There could be added q and e if desired, so that instead of h one uses q for completing the glyph for each frame, and then e to export the complete animated glyph.

For example, as follows.

q means {define a complete glyph of advance width w from the glyph or glyphs in the glyphs buffer and place it in the animation buffer; reset everything except the animation buffer ready to define the next glyph in the animation;}

e means {produce an animated glyph from the contents of the animation buffer ready for access by the main program; halt;}

Yes, accessibility features are important and I will try to think about including them. Readers are welcome to make suggestions as to what is needed.

> You only cover a part of what is needed ....

Well, yes, I suppose so, yet what I have published could get something started and anything else that is needed could be added, either by me or by the Unicode Technical Committee and the Emoji Subcommittee if people are interested in implementing the idea.

> .... but hope that someone will invest time to implet it in a renderer:

Well, yes eventually.

I am hoping that the idea will be discussed in the mailing list and then go forward to the Emoji Subcommittee and then go to the Unicode Technical Committee and then become part of The Unicode Standard and then be used by people.
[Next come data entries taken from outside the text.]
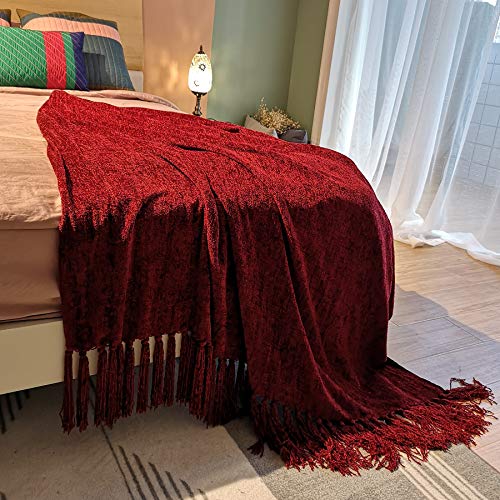 DOZZZ Fluffy Chenille Knitted Throw Blanket with Decorative Fringe for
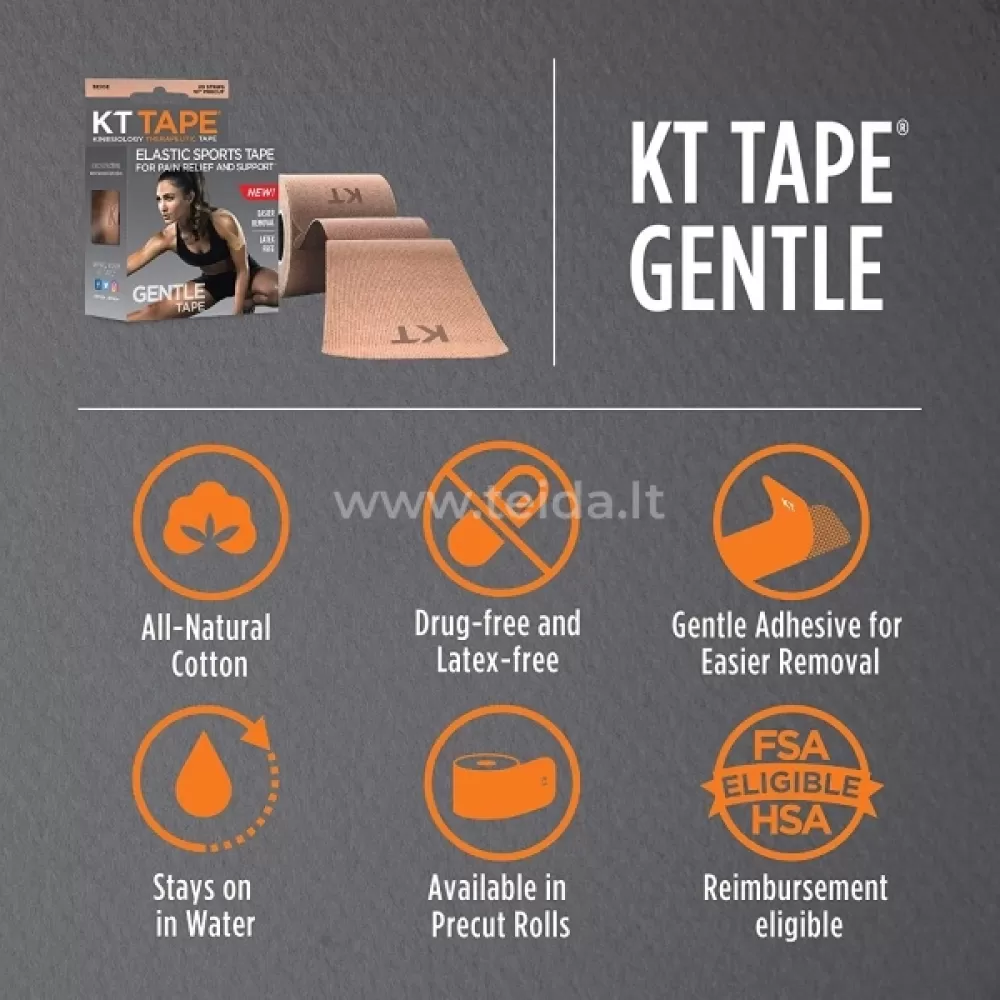 KT Tape GENTLE kineziologinis teipas jautriai odai, sukarpytas, kūno spalvos, medvilninis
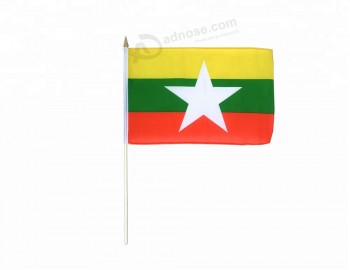 Cheap stock Myanmar Burma 30*45cm hand waving flag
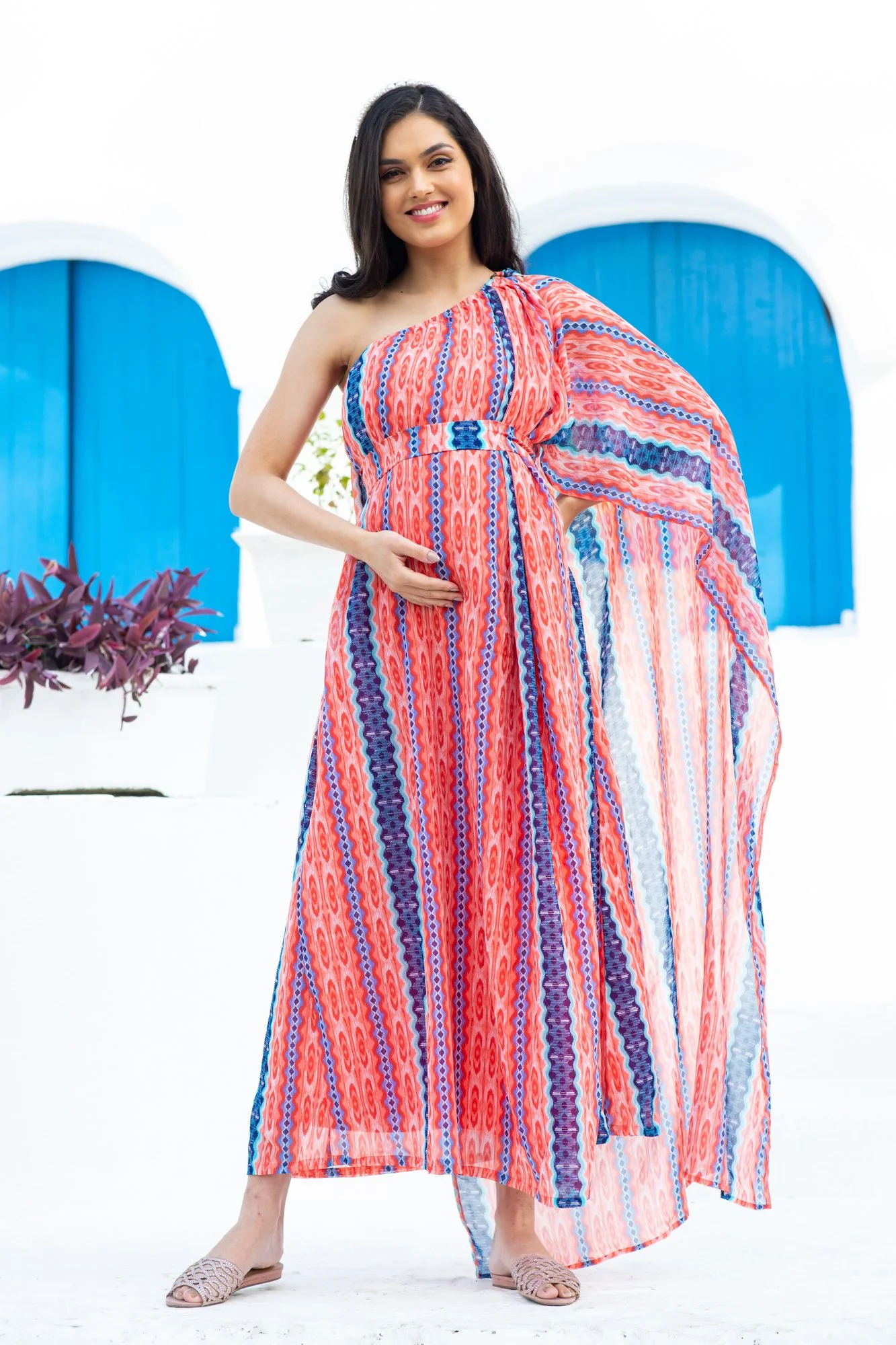 Luxe Tangerine One Shoulder Floral Maternity Gown - Chenance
Many people think of new encoding ideas and put them forward to the Unicode Technical Committee, sometimes starting with a post in this mailing list before a formal submission in the hope that the discussion will be helpful. Such discussion often improves the formal submission. That is the process, the way that Unicode progresses.

> ... developers prefer investing time in SVG renderers or existing font technologies for OpenType (SVG fonts will come later when it will be capable of doing the same things as OpenType, for now it does not cover all the existing needs).

Well, I do not know what developers prefer. There seems to be a need to send custom emoji in interoperable Unicode plain text and I have put forward an idea for how to do it.